La trasformazione di una unità immobiliare da categoria catastale C/2 (magazzino) ad unità abitativa di categoria A/3, e la successiva alienazione di quest’ultimo, si configura come attività imprenditoriale generando reddito d’impresa. A chiarirlo è stata l’Agenzia delle Entrate nella Risposta n. 152/E del 2020, riguardante il caso di un contribuente proprietario di una unità immobiliare riconducibile alla predetta categoria C2. Questi, ricevute le dovute autorizzazioni dagli uffici competenti, intende modificare cambiarne la destinazione d’uso, suddividendola in tre unità immobiliari ad uso abitativo.

La sua intenzione è poi quella di vendere tali tre abitazioni, convenendo contrattualmente che le necessarie opere di ristrutturazione e risanamento conservativo rimangano a totale carico dei potenziali acquirenti.

È chiesto, quindi, all’Amministrazione finanziaria se in tal caso si venga a configurare attività d’impresa e se, in caso negativo, si generi una plusvalenza imponibile come redditi diversi.

La tesi dell’Amministrazione finanziaria

L’Agenzia delle Entrate, evidenzia dal canto suo in primo luogo che, ai sensi della diposizione normativa contenuta all’art. 67, comma 1 lett. b) del TUIR, il presupposto per la tassazione della plusvalenza nell’ambito dei redditi diversi è che l’attività posta in essere dalla persona fisica non sia idonea a configurare l’esercizio di impresa commerciale, ai sensi dell’art. 55 dello stesso TUIR.
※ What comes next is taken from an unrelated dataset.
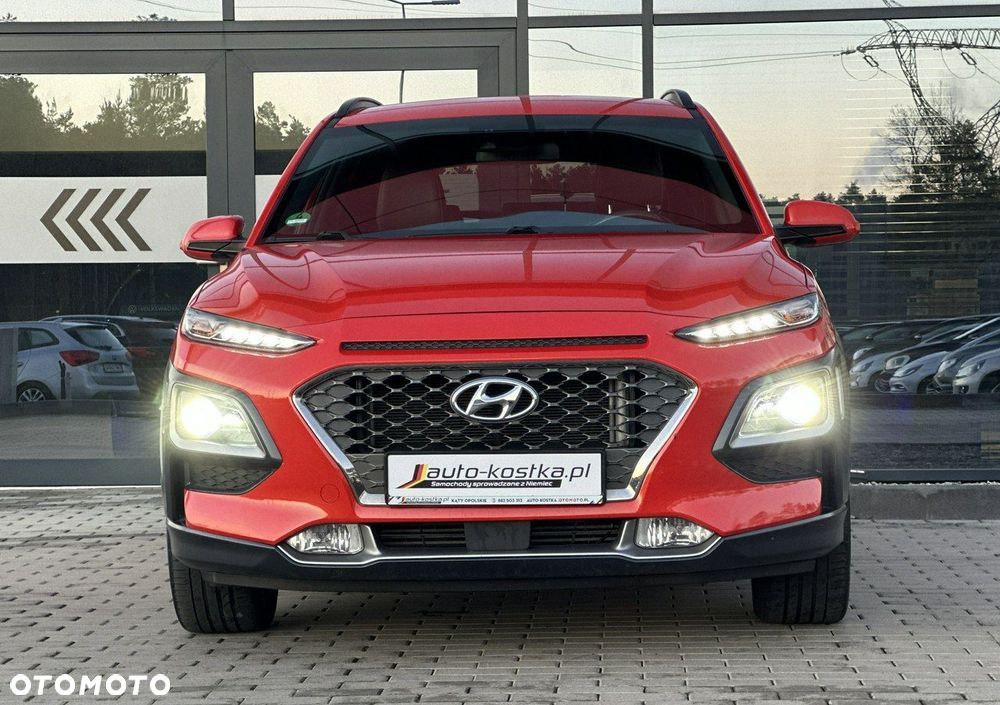 Hyundai Kona 1.6 T-GDI DCT 4WD Premium - 5
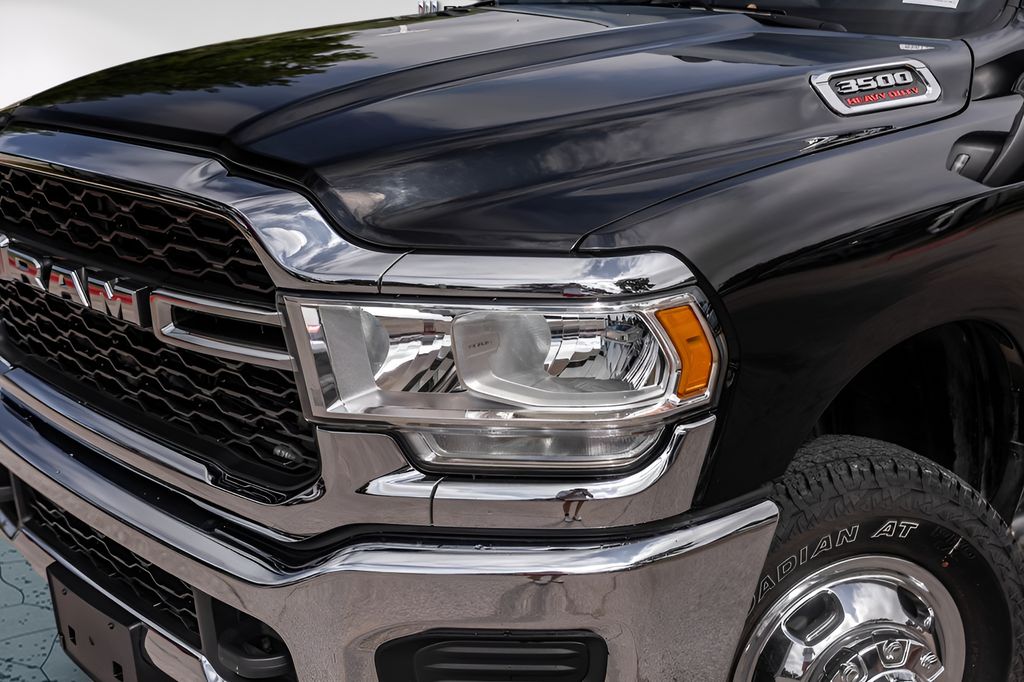 Used Car 2024 Ram 3500  Tradesman For Sale Under $60,000 In Austin, Texas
Secondo quest’ultimo, affinché si configuri l’attività commerciale è necessario che l’attività svolta sia caratterizzata dalla professionalità “abituale”, ancorché non esclusiva e, in mancanza di tale elemento, l’attività commerciale esercitata “occasionalmente” è produttiva di un reddito inquadrabile nella categoria dei redditi diversi.

Tuttavia, fa notare l’Amministrazione, c’è un consolidato orientamento della Corte di Cassazione, secondo cui la qualifica di imprenditore può essere attribuita anche a chi semplicemente utilizzi e coordini un proprio capitale per fini produttivi. Inoltre secondo quanto chiarito nella Risoluzione n. 204/E del 20 giugno 2002, l’esercizio dell’impresa “può esaurirsi anche con un singolo affare in considerazione della sua rilevanza economica e delle operazioni che il suo svolgimento comporta e, a tal fine, non rileva che le opere eseguite siano qualificabili quali opere di risanamento”
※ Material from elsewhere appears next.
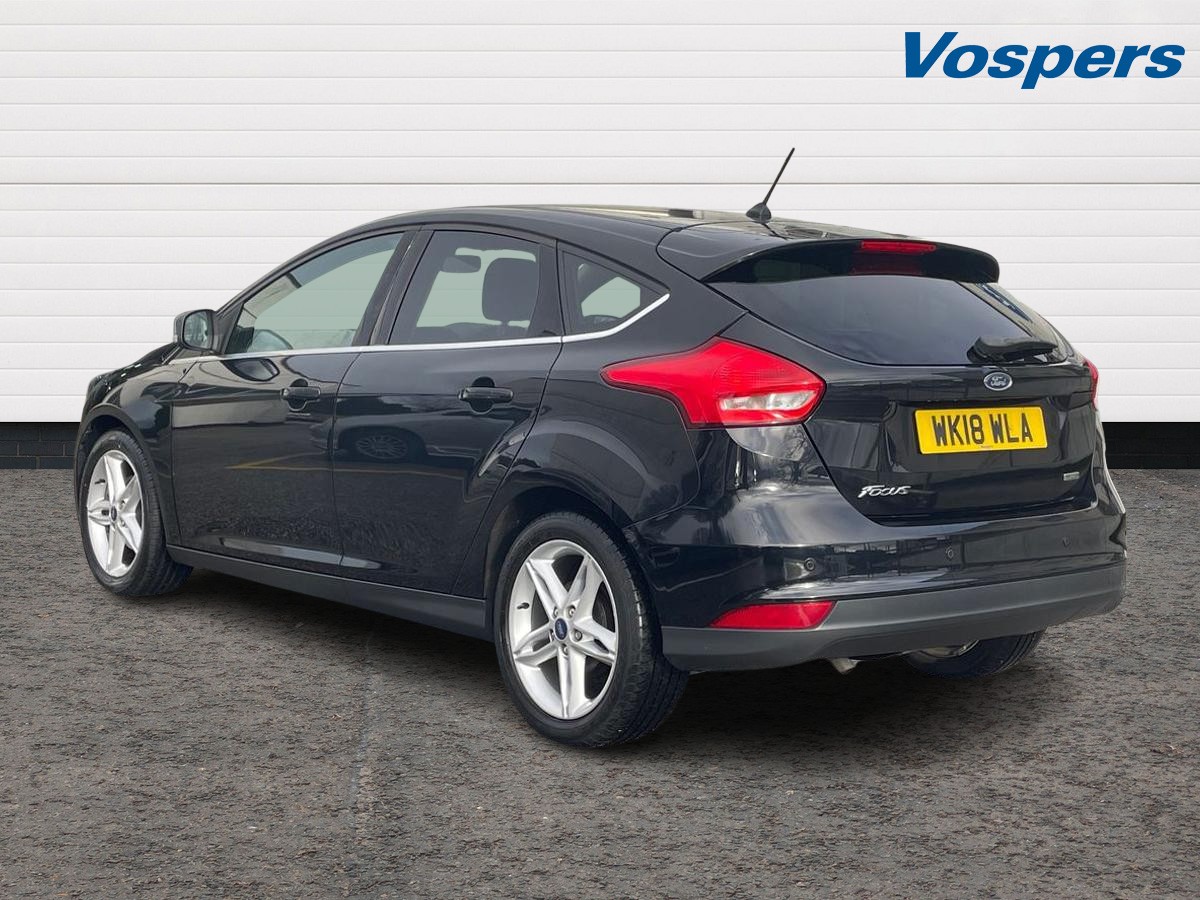 Used Ford Focus 2018 for sale - 76984190: Photo 6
In definitiva, secondo l’Agenzia delle Entrate, nel caso in questione, dalla vendita delle tre unità immobiliari ne consegue un reddito d’impresa (e non redditi diversi), “dal momento che l’intervento sull’immobile originariamente C2” di cui è proprietario il contribuente, “risulta finalizzato non al proprio uso o a quello della propria famiglia, bensì alla vendita (delle tre abitazioni) a terzi, previo ottenimento del cambiamento della destinazione d’uso, avvalendosi di un’organizzazione produttiva idonea e svolgendo un’attività protrattasi nel tempo l’esercizio di impresa commerciale”.